Exercise description
The answer must consist only of the lines in the records below from the line with "motul olej silnik" to the line with "Volkswagen Polo 2013 Petrol Manual", both included, copied word for word with every picture left out.

[Data extracts Boundary: Start]

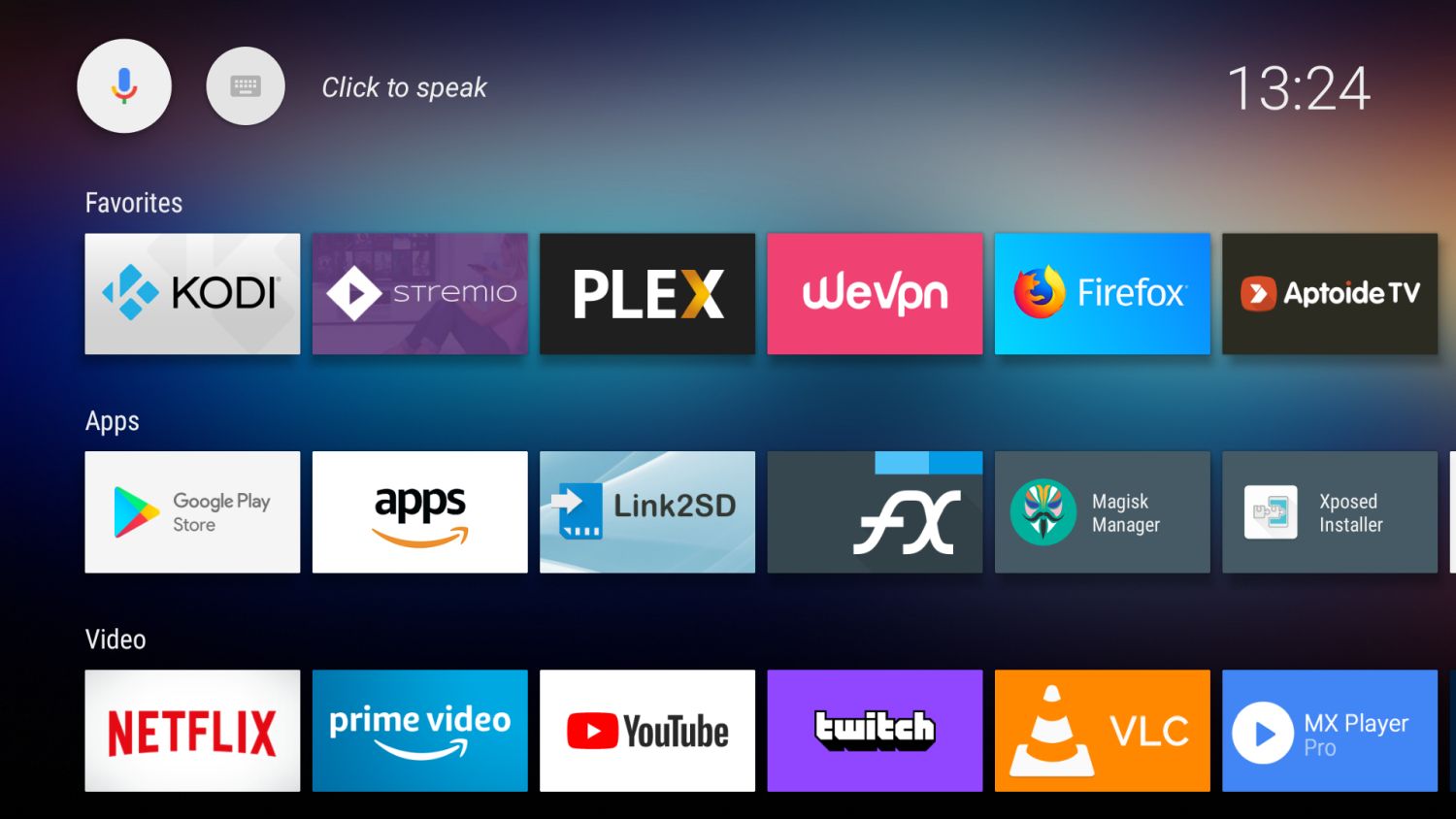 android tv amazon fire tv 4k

[Data extracts Boundary: End]
[Data extracts Boundary: Start]

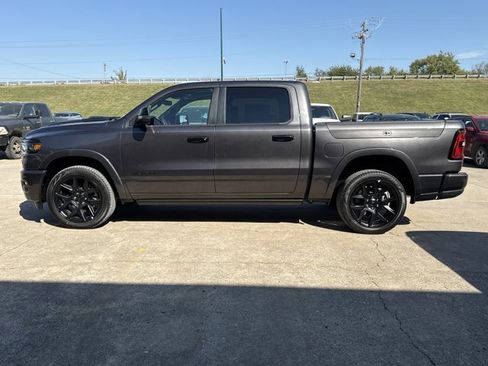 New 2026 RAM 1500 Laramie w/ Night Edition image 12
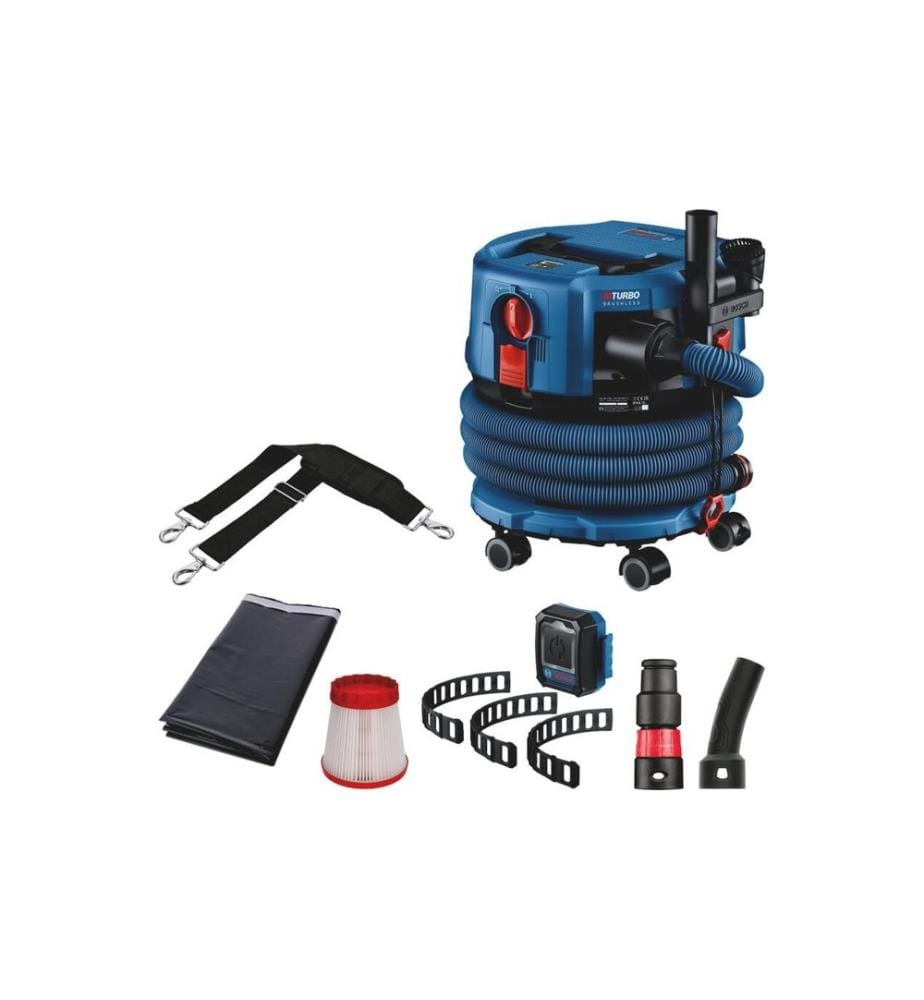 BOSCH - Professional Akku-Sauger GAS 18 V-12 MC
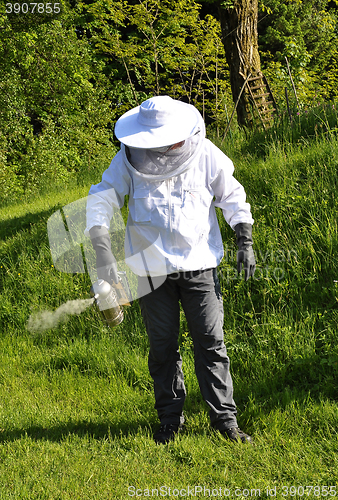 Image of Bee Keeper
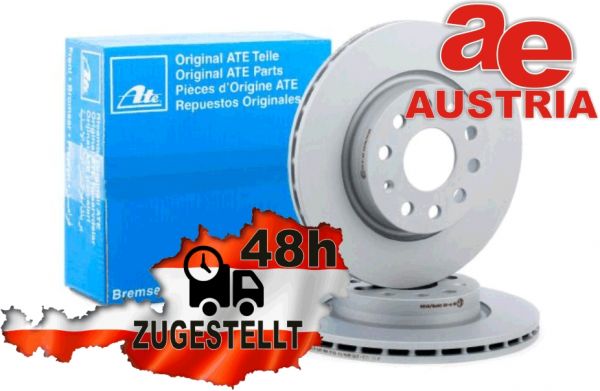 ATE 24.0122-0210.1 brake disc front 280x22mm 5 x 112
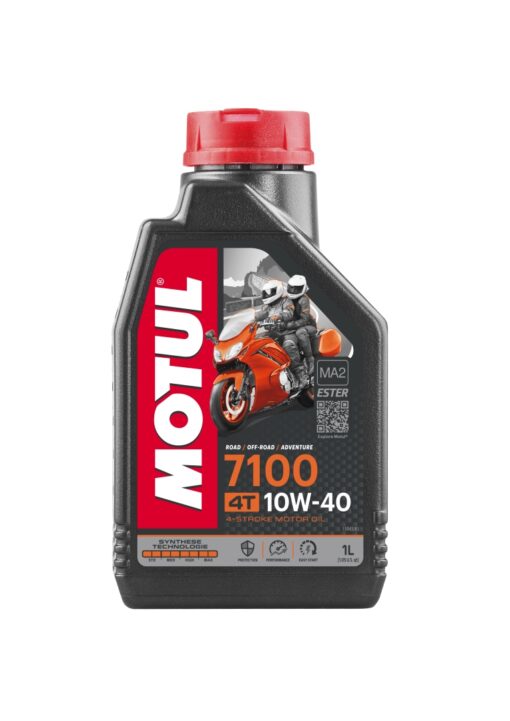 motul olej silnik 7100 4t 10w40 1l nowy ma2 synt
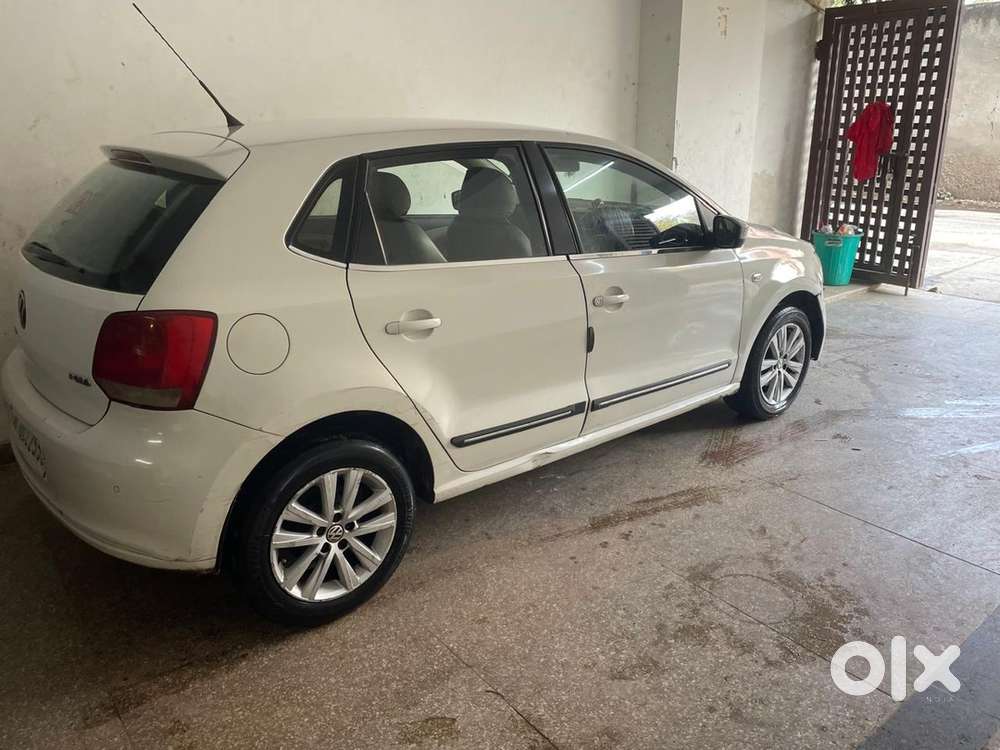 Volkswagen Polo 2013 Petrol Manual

[Data extracts Boundary: End]

Expected answer
 motul olej silnik 7100 4t 10w40 1l nowy ma2 synt
 Volkswagen Polo 2013 Petrol Manual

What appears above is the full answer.